WORK TASK:
Write out again, word for word, the lines below from the line that holds "5 Bedroom Detached" through the line that holds "木摆件等各种工具的使用", omitting pictures.

DATA PROVIDED:
★ ★ ★ ★

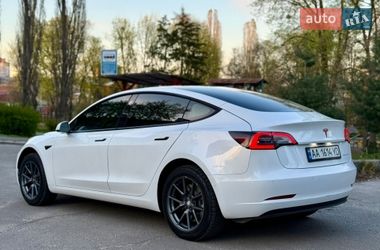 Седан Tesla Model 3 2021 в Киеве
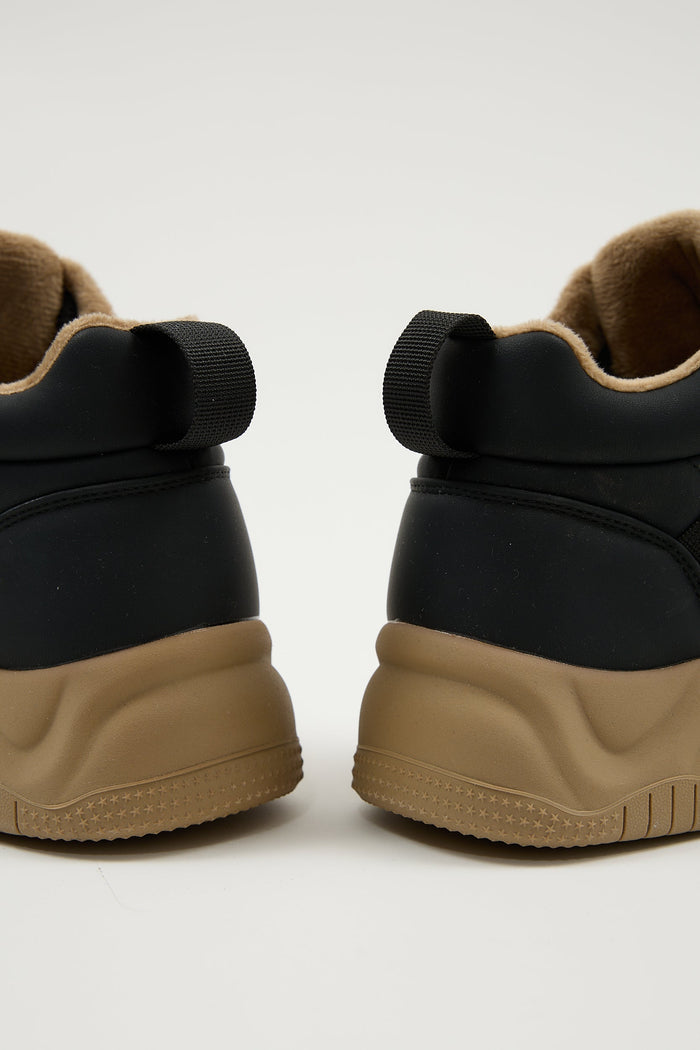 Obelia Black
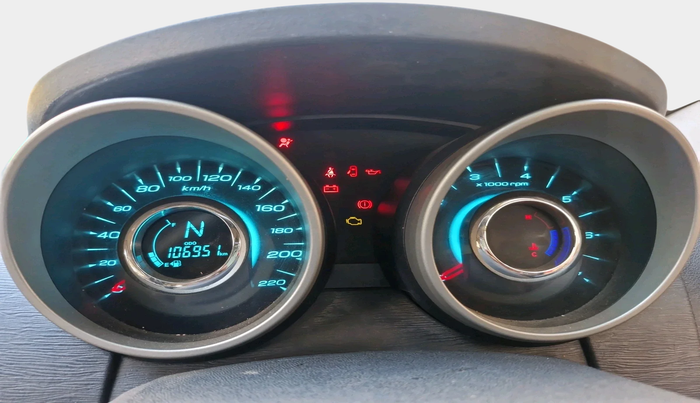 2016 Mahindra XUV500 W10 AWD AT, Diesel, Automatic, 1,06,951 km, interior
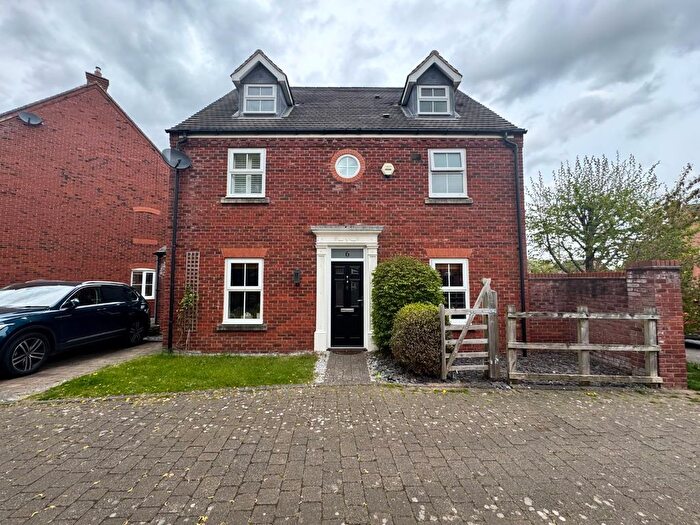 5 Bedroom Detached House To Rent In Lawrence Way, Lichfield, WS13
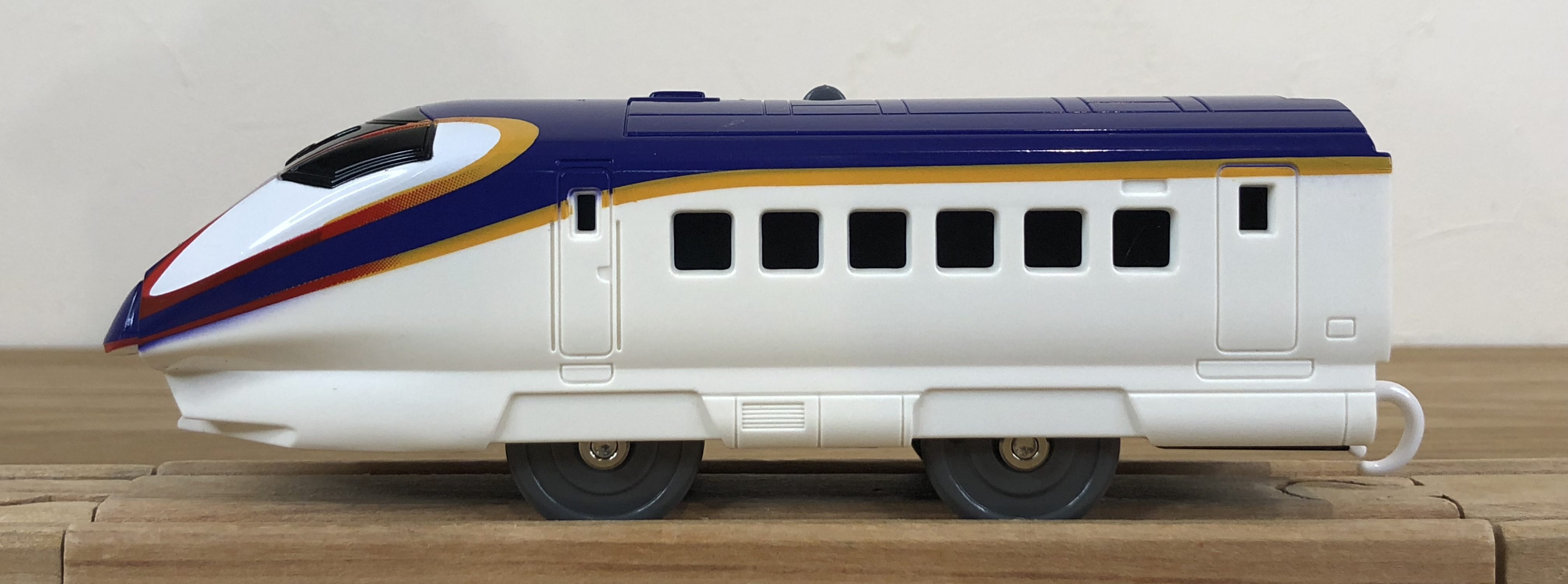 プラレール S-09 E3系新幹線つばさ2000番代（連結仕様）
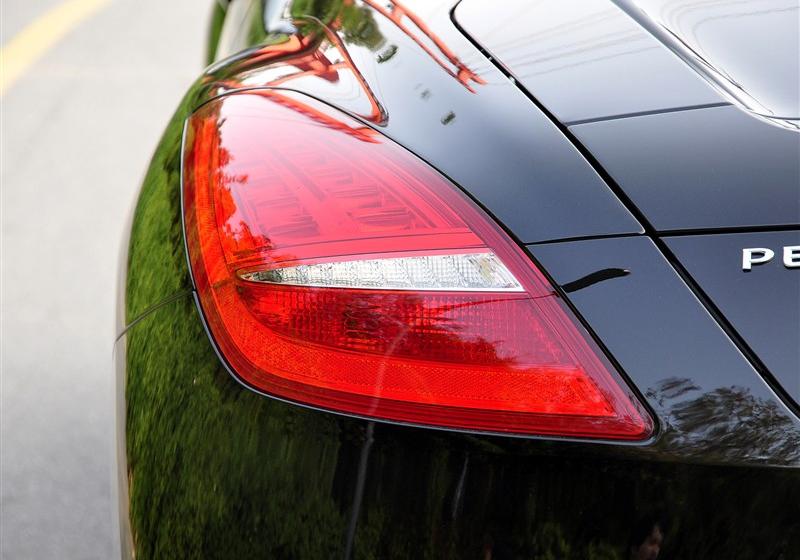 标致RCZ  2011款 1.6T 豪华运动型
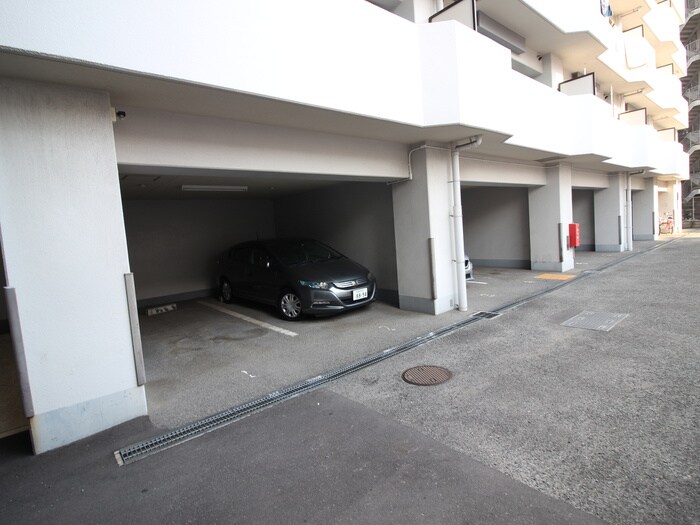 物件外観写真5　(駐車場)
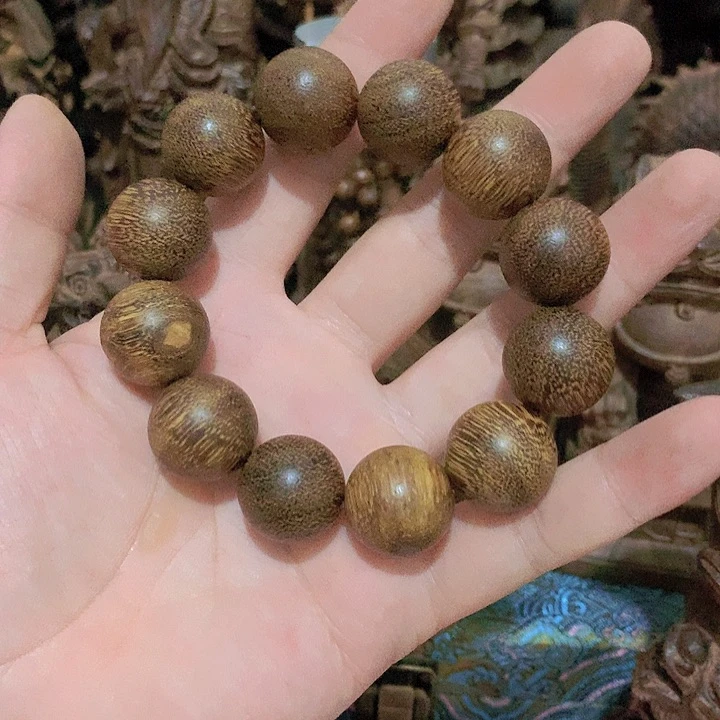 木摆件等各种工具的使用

★ ★ ★ ★

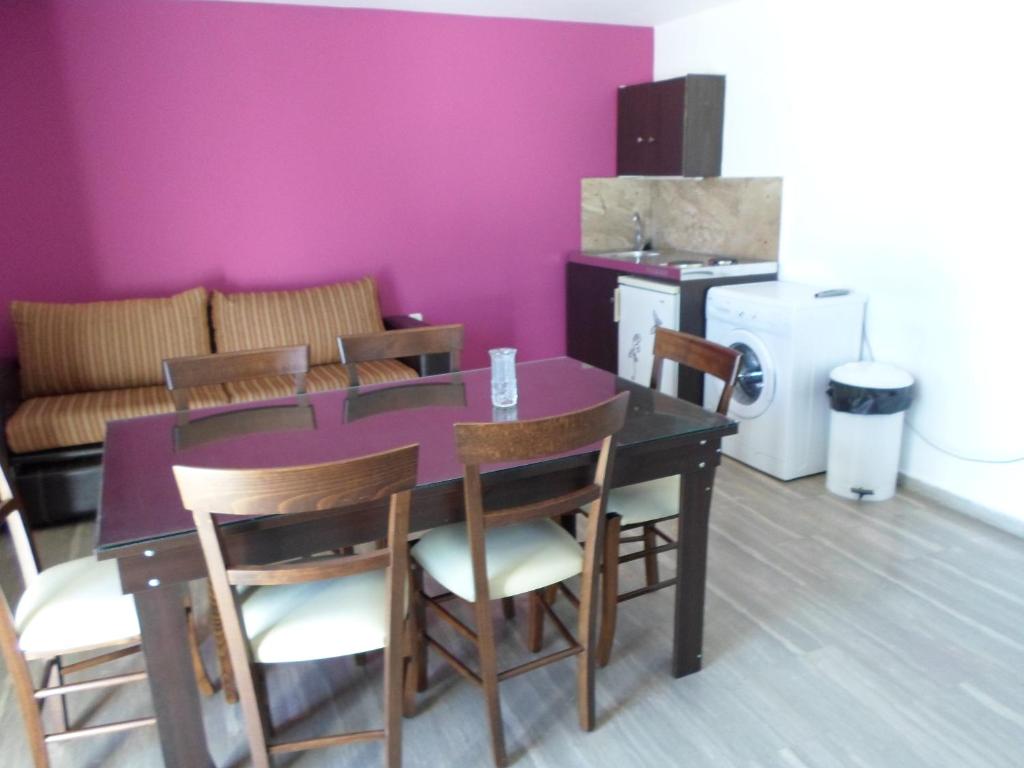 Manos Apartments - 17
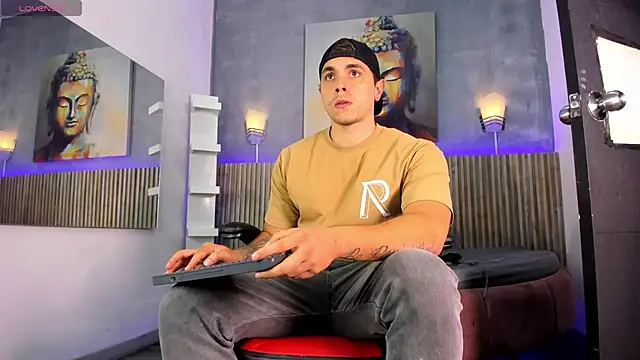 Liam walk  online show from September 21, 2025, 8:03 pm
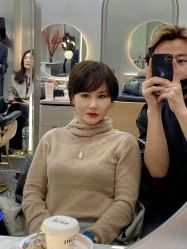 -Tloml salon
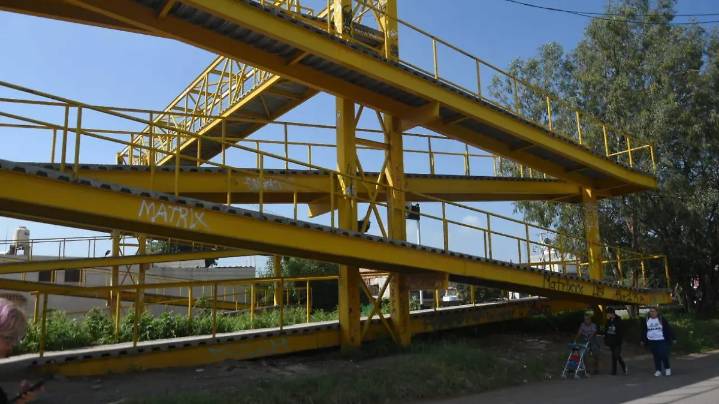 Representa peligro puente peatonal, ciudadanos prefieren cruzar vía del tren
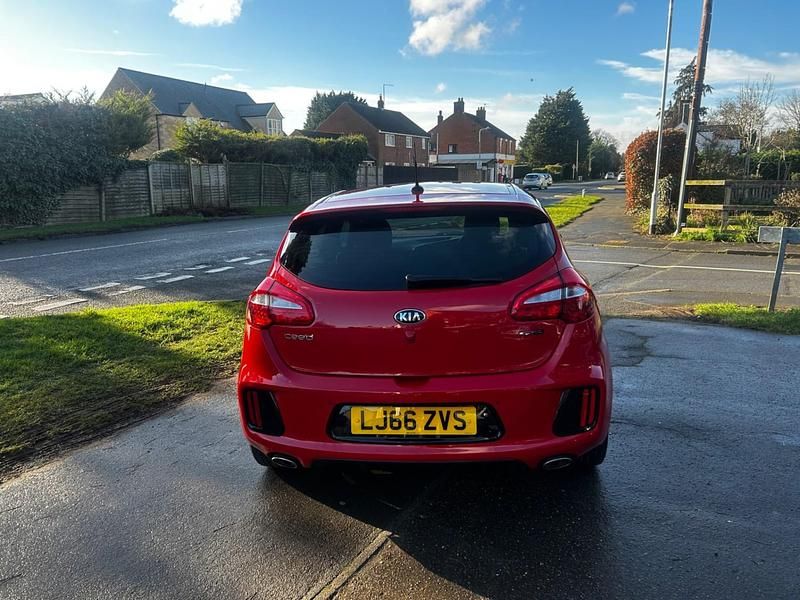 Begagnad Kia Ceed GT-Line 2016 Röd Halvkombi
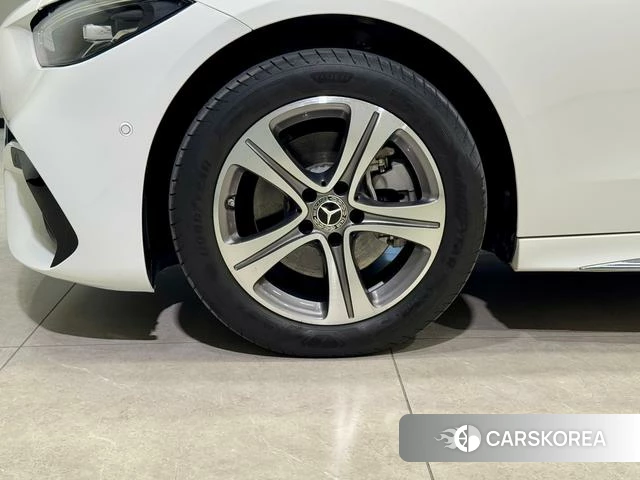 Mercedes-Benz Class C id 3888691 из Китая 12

★ ★ ★ ★

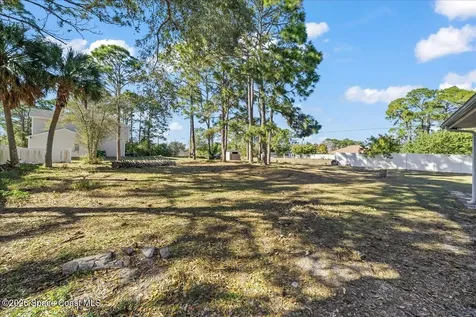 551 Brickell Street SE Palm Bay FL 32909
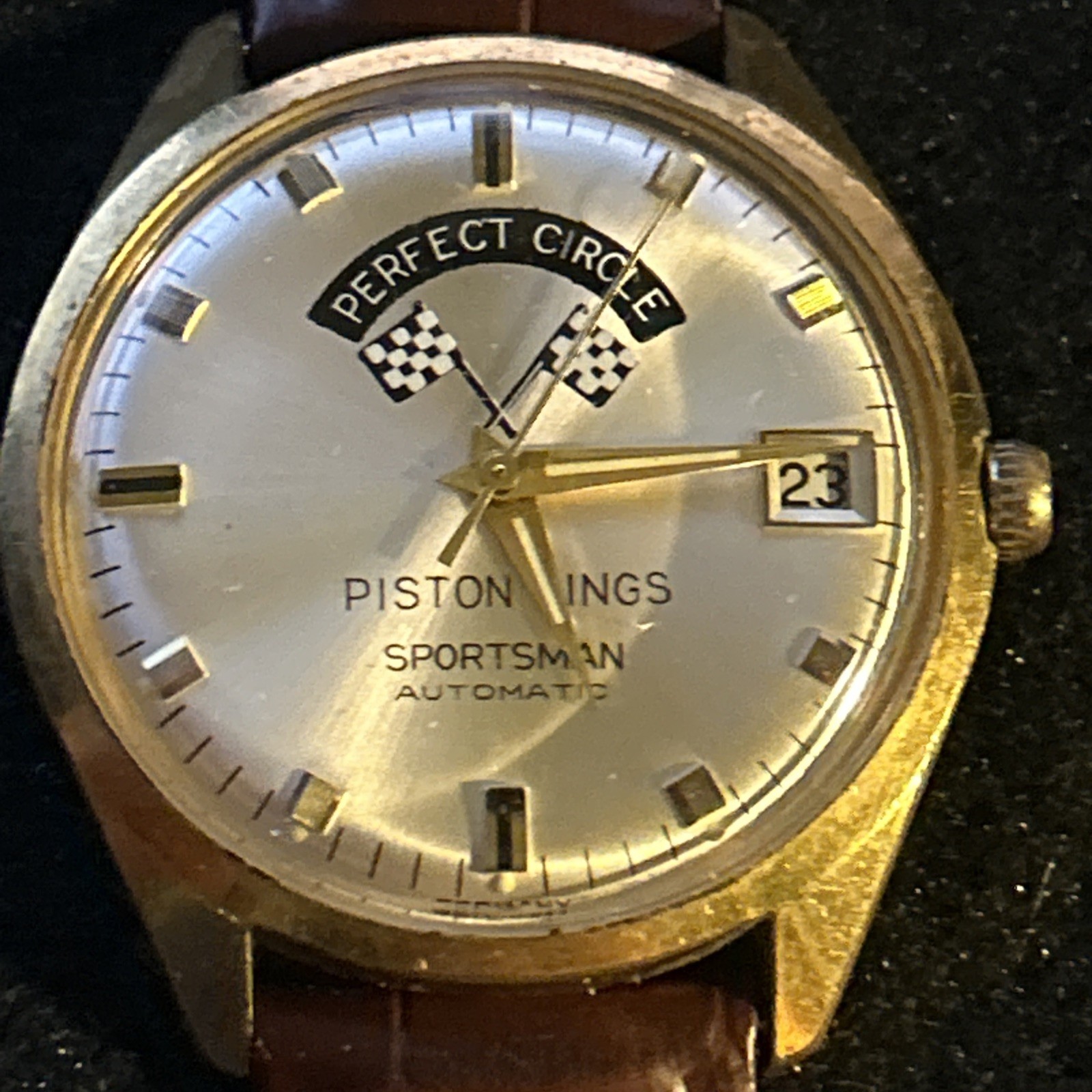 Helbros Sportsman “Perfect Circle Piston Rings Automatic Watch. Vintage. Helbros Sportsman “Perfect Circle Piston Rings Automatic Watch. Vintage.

★ ★ ★ ★

WRITTEN RESPONSE:
 5 Bedroom Detached House To Rent In Lawrence Way, Lichfield, WS13
 プラレール S-09 E3系新幹線つばさ2000番代（連結仕様）
 标致RCZ  2011款 1.6T 豪华运动型
 物件外観写真5　(駐車場)
 木摆件等各种工具的使用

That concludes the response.